Exhibitions

Tàpies. Last decade (2002–2012)

Valencia, Spain
Tapies exhibition

Image credit

Meet the artist

The Movement

Contemporary Art, Painting, Symbolism

ArtLovers Tip

Sit down if you can, and stay with one work longer than feels natural. Tàpies’ final decade is not about explaining everything — it is about leaving marks that still vibrate. Look at the surface as if it carried time, memory and silence. That is where the power is.

Exhibition Highlights - What you'll see

The final creative period of Antoni Tàpies, from 2002 until his death in 2012. At the end of his life, Tàpies didn’t become softer.

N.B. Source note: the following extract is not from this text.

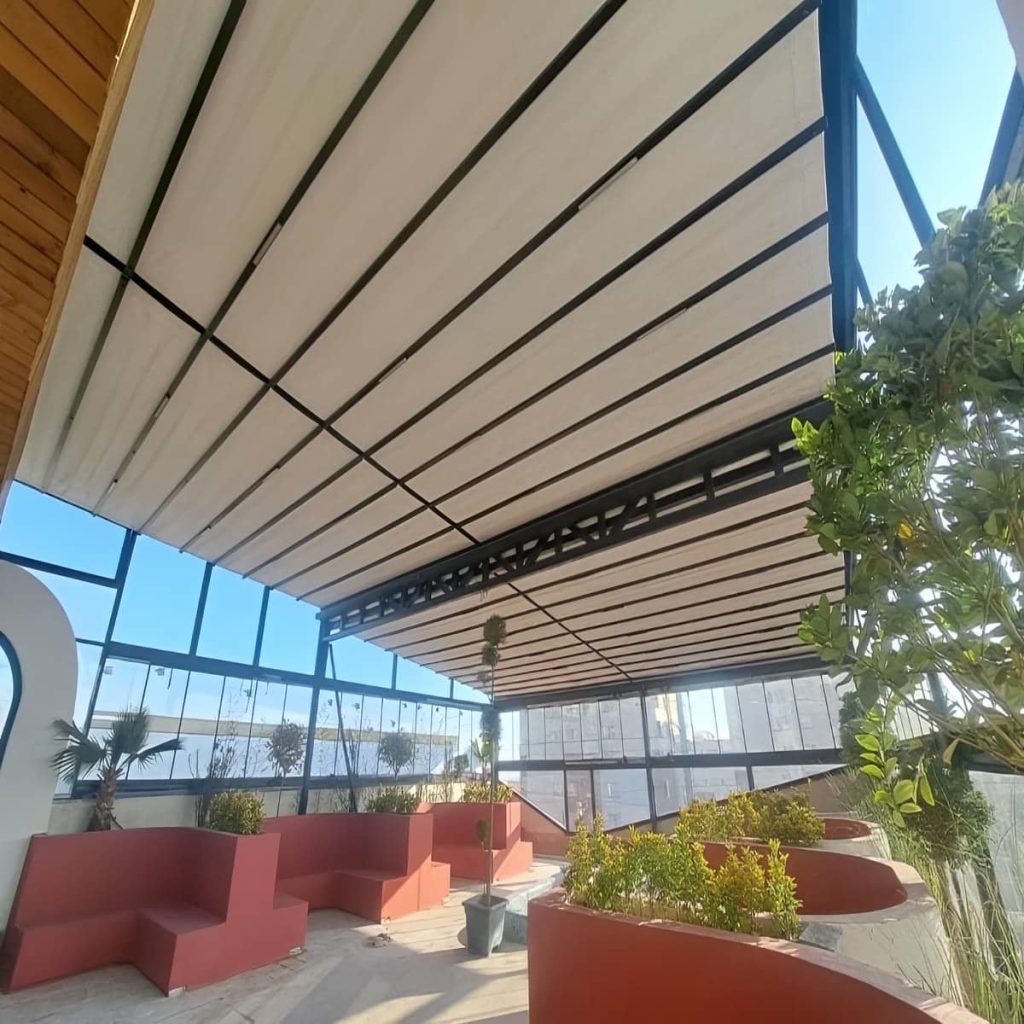 چادر برقی نمای مدرن مینیمال چادر برقی نمای مدرن مینیمال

He became more essential: fewer elements, more silence, more weight.

Informalism, material painting, postwar abstraction, symbolic language and late modern painting.

Tàpies is often linked to Informalism, but this final period shows something more intimate and concentrated: matter, signs, marks, voids and surfaces reduced to their most powerful form.

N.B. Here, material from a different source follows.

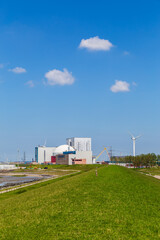 Cityscape of village and nuclear power plant Borssele in Zeeland in The Netherlands
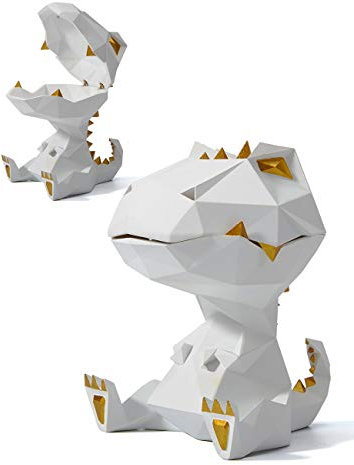 Amoy-Art Plato de Caramelos Dulces Tarro de Galletas Dinosaurio Figura Decorativa Modern Escultura Arte Animal Regalo Interior Estatua Resina Blanco 18cm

Tàpies. Última década (2002–2012) focuses on the artist’s last ten years of production. The exhibition brings together works from the final stage of a career that lasted around six decades, offering a look at a period that is less known to the general public.

You’re watching:

  • Late works where Tàpies condenses his visual language
  • Matter, signs, crosses, textures and almost sacred-looking surfaces
  • A more private and essential Tàpies
  • Works created mostly for his family environment, many of which had not been publicly exhibited before, according to reporting on the show
  • A final decade where the artist keeps experimenting with radical simplicity

The exhibition feels quiet, but not weak. It is the opposite of decorative art: it asks you to stay, read the surface, and feel the gravity of what remains.

Worth the trip

Yes — especially if you want to understand the late Tàpies, not only the famous Tàpies.

This matters because late works often reveal what an artist no longer needs to prove. In Tàpies’ case, the final decade becomes a space of concentration: fewer gestures, fewer materials, but a stronger sense of presence.

It is also valuable because the exhibition gives access to works closely connected to the artist’s private circle, making the show feel more intimate than a standard retrospective.

If you are in Valencia, this is a strong stop for modern and contemporary art lovers — especially when paired with Fundación Bancaja’s broader programme around major 20th-century artists.

How to experience it

Don’t look for spectacle. Look for silence, matter and signs.

Step close to the surfaces: Tàpies speaks through texture.

Then step back and let the whole image become almost like a wall, a wound, or a trace.

Pay attention to what feels reduced: the late work is about intensity, not abundance.

Take your time. This exhibition is built for slow looking.